The Moon’s near-side and far-side gravity strengths are 3.497 micro-g and 3.272 micro-g, which is a very small difference and I was toying with the difference between the heights of the opposite bulges. The near-side tidal force is 115 nano-g and the far-side is 109 nano-g, which would seem to indicate a 5.5% difference.
To what extent, if any, is the impact of the difference in centripetal force at the Earth’s surface necessary to cause circular motion about the Earth-Moon barycentre important ?
Assuming a radius for the Earth at 6371 km, a barycentre radius of 4671 km, and a rotation of 27.32 days, the far-side centripetal field required is 7.978 micro-g and the near-side field required is 1.228 micro-g. These are very different values and far exceeding the tidal field force.
I presume that it makes little difference, but I see some references elsewhere to inertia in explaining the opposite bulge. How to put this to bed ?
Hi Steve,
I wonder if you can explain tidal friction in a little more detail. In particular your explanation implies that the moon arrives (at a particular point above the surface of the Earth) after the high tide has already occured at that point. I have read elsewhere that it is the other way around which seems more intuitive. I have also read that the delay is only generally a matter of about 12 minutes. Is this correct?
Many thanks!
Ben
Because the period for the Earth to complete one rotation is faster than the Moon takes to complete one orbit. Then the tidal bulge is always ahead of the Moon. The following diagram explains this well https://ase.tufts.edu/cosmos/view_picture.asp?id=380
An interesting read. I can see why there is a high tide on the seas facing the moon but why is there also a high tide at the point furthest away from the moon?
Hi Graham, Thanks for your comment,
My reply is as follows.
As stated in the post,
The tidal force due to the Moon at a given point on the Earth is the difference between the Moon’s gravitational field at that point and the Moon’s gravitational filed Earth’s centre of mass (which is the same as the Earth’s centre, because the Earth is spherical.
Tidal Force at location x = gravitational field at x – gravitational field at the Earth’s centre.
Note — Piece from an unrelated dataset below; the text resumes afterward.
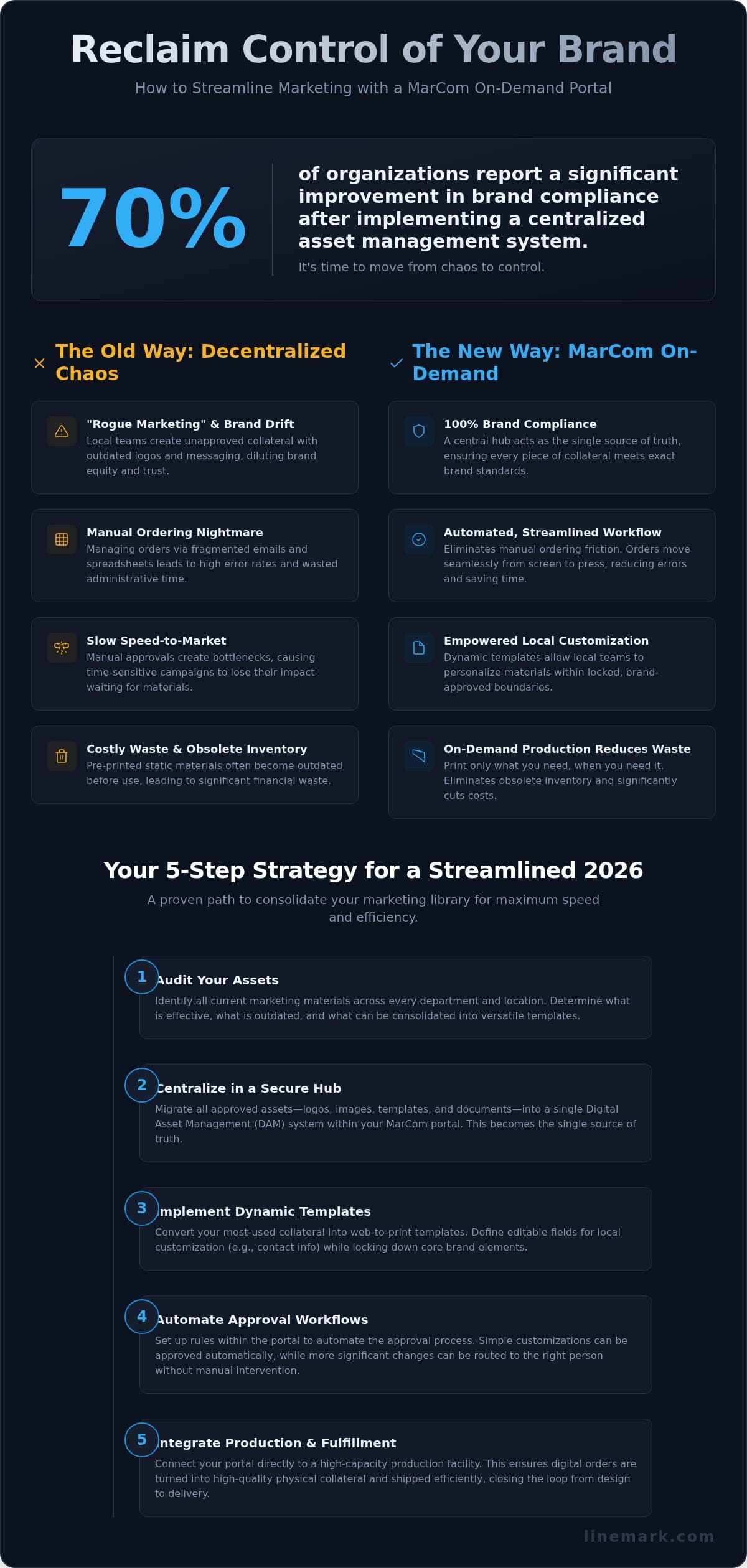 How to Streamline Marketing with a MarCom Portal in 2026 - Infographic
At the point on Earth closest to the Moon, the Moon’s gravitational field is stronger than it is at the Earth’s centre, so the tidal force points towards the Moon.
At the point on Earth farthest from the Moon the Moon’s gravitational field is weaker than it is at the Earth’s centre, so the tidal force points away from the Moon.
At the Earth’s centre the tidal force is always zero.
At another places on the Moon tidal force is not zero and depending on the result of the subtraction, it may point towards the Moon away from the Moon, or indeed at any direction to the Moon. Some examples of the tidal force at different locations on the Earth are shown in the diagram near the bottom of the post labelled ‘Direction of the Tidal Force’
Hi Steve,
A very good explanation, & very well-worded so that your intended readership, once they’ve started, are happy to keep on reading. I suspect you’ll need to be prepared for questions about the Sun’s influence, additive and subtractive – and what would have happened in the Moon’s absence.
I’d imagine that nearby aliens – who no doubt have somewhat better instrumentation than ours – could measure changes in Earth’s shape & diameter, and work out how much of the surface is water-covered; probably how deep the oceans are at various points and observe the much smaller “tidal” bulges of solid land-masses. They’d no doubt go on to deduce quite a few facts about Earth’s interior.
You mentioned the emergence of life: If Darwin’s “small warm rock pool” origin scenario is right, then I’m sure* that tides in a previously-sterile ocean would have been instrumental in its origin. If it originated in deep ocean, e.g. hydothermal vents, then it might have already had time to evolve to a high degree, and the contribution of tides would have been to allow it to spread (rather reluctantly!) onto land.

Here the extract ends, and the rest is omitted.